Shifted convolution sums related to Hecke–Maass forms

Abstract

Let \(\phi (z)\) be a primitive Hecke–Maass cusp forms with Laplace eigenvalue \(\tfrac{1}{4}+t^2\). Denote by \(L(s, \mathrm{sym}^m\phi )\) the m-th symmetric power L-function associated to \(\phi \) and by \(\lambda _{\mathrm{sym}^m\phi }(n)\) the n-th coefficient of the Dirichlet expansion of \(L(s, \mathrm{sym}^m\phi )\).

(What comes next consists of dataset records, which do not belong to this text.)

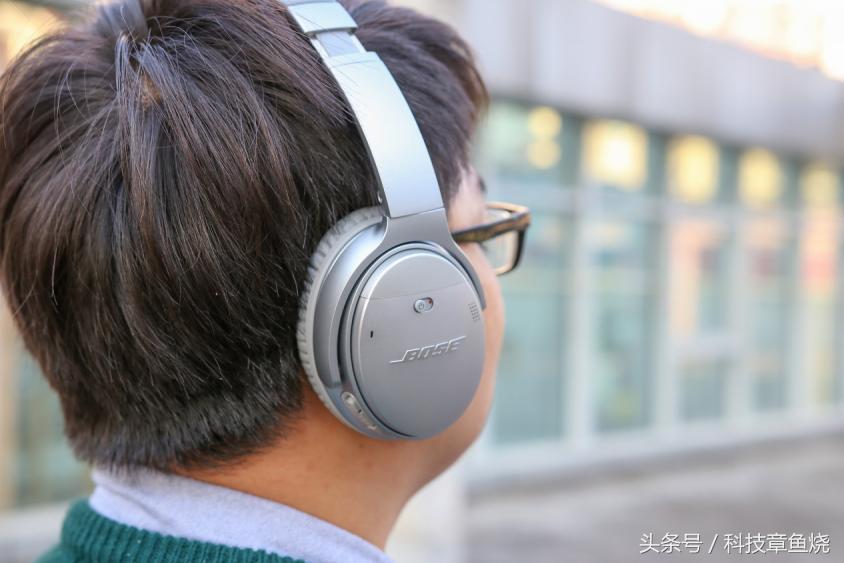 boseqc35浜屼唬瀵规瘮绱㈠凹1000xm4,闄嶅櫔鑰虫満boseqc35鍜岀储灏紉m3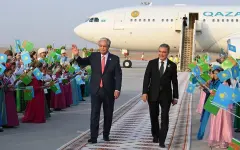 Токаев прибыл в Туркменистан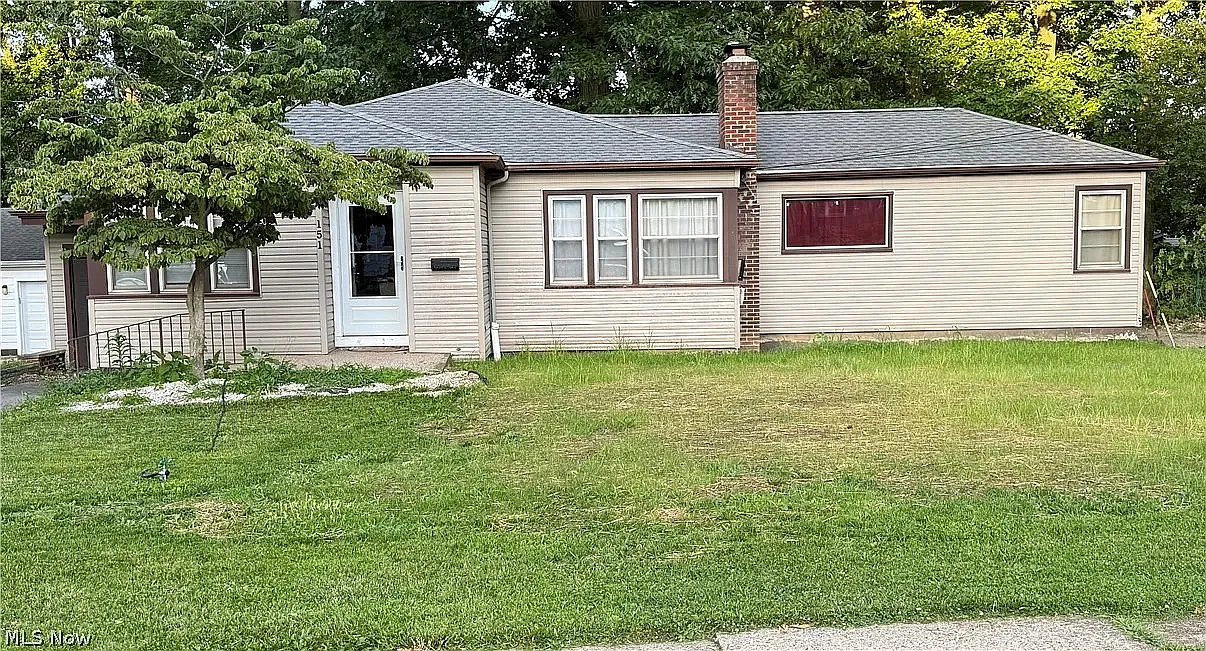 3 bed, 1.5 bath, 1400 sqft, $1,450 — Photo 2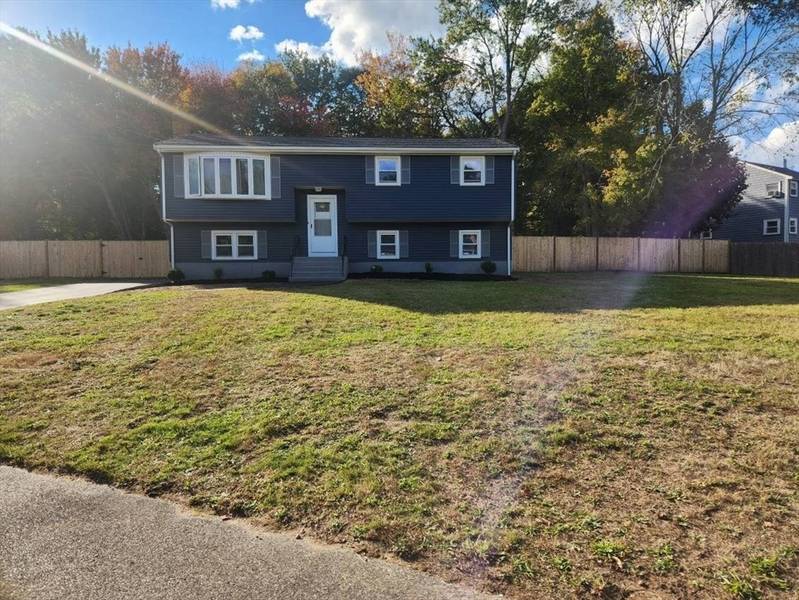 3 Lantern Rd, Holbrook, MA 02343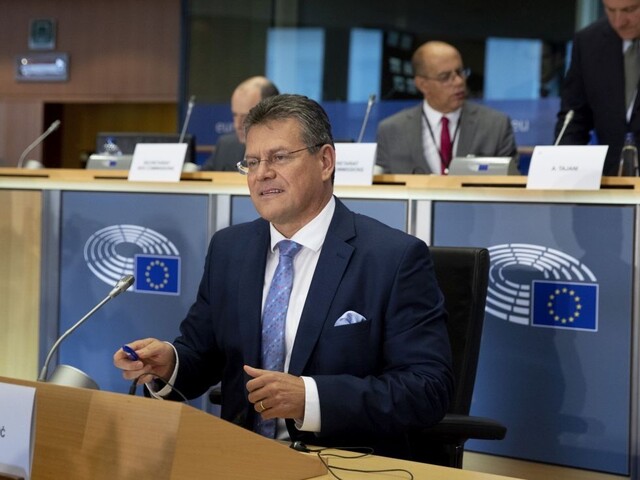 Šefčoviča grilujú. Ako prvý predstúpil pred europoslancov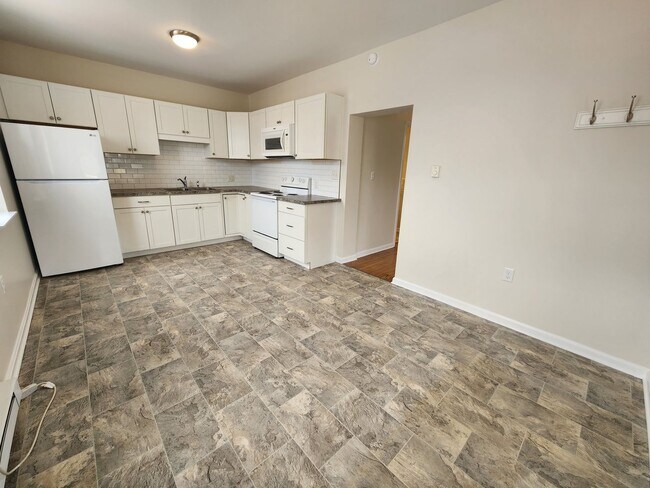 Foto del edificio - 5176-5178 Greenvillage Road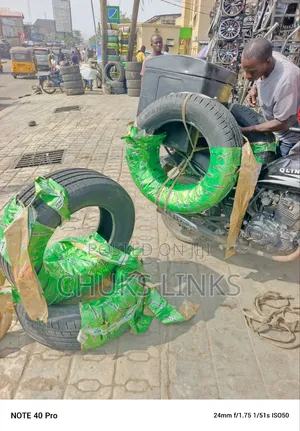 265/60r18 Tire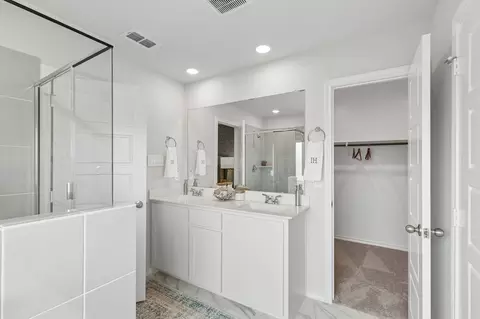 Bath - 921 Abalone Ave, Haslet, TX 76052 photo 3 of 4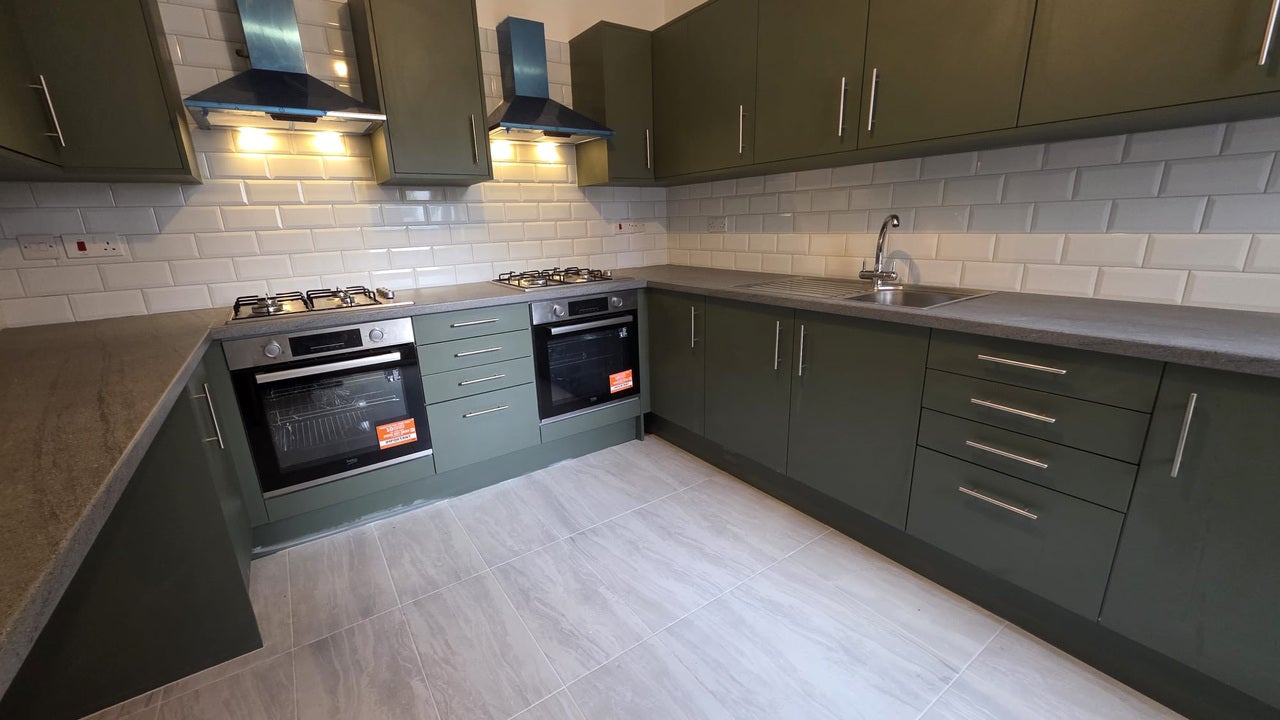 Room Ashburnham Road in Luton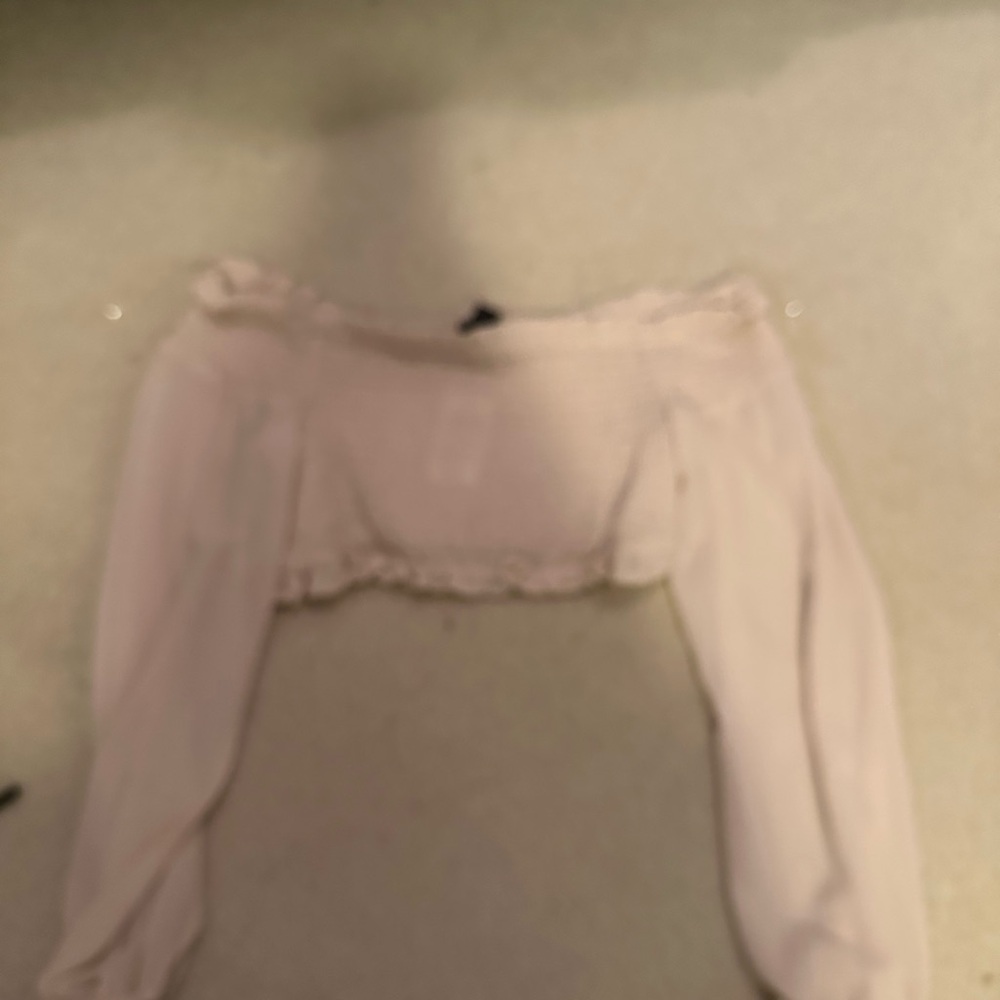 Windsor Cream Off-Shoulder Crop Top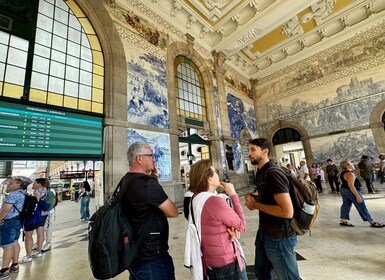 Discover Porto - A Private Walking Tour w/ Authentic Tasting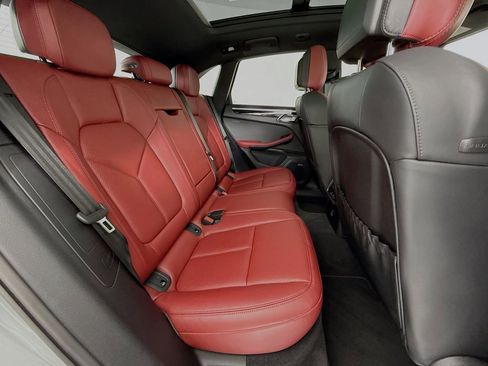 Certified 2025 Porsche Macan AWD/4WD image 30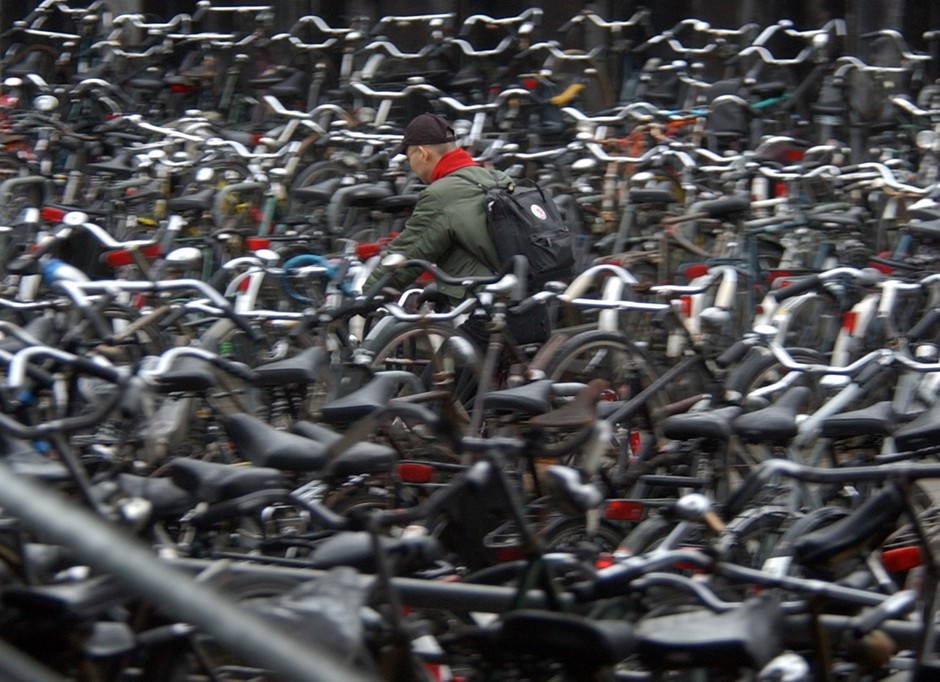 A sea of bikes that people would not want stolen.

For any nonzero integer \(\ell \) we prove

$$\begin{aligned} \sum _{n\leqslant x} \left| \lambda _{\phi }(n)\lambda _{\phi }(n+\ell )\right| \ll _{\phi , \ell } \frac{x}{(\log x)^{0.187}} \qquad (x\geqslant 3). \end{aligned}$$

This improves Holowinsky’s corresponding result, which requires \(\tfrac{1}{6}\) in place of 0.187. for all \(x\geqslant 3\). Further assuming that \(L(s, \mathrm{sym}^{10}\phi )\) and \(L(s, \mathrm{sym}^{12}\phi )\) are automorphic cuspidal, we obtain a conditional generalization to the symmetric square case:

$$\begin{aligned} \sum _{n\leqslant x} \left| \lambda _{\mathrm{sym}^2\phi }(n)\lambda _{\mathrm{sym}^2\phi }(n+\ell )\right| \ll _{\phi , \ell } \frac{x}{(\log x)^{0.196}} \qquad (x\geqslant 3). \end{aligned}$$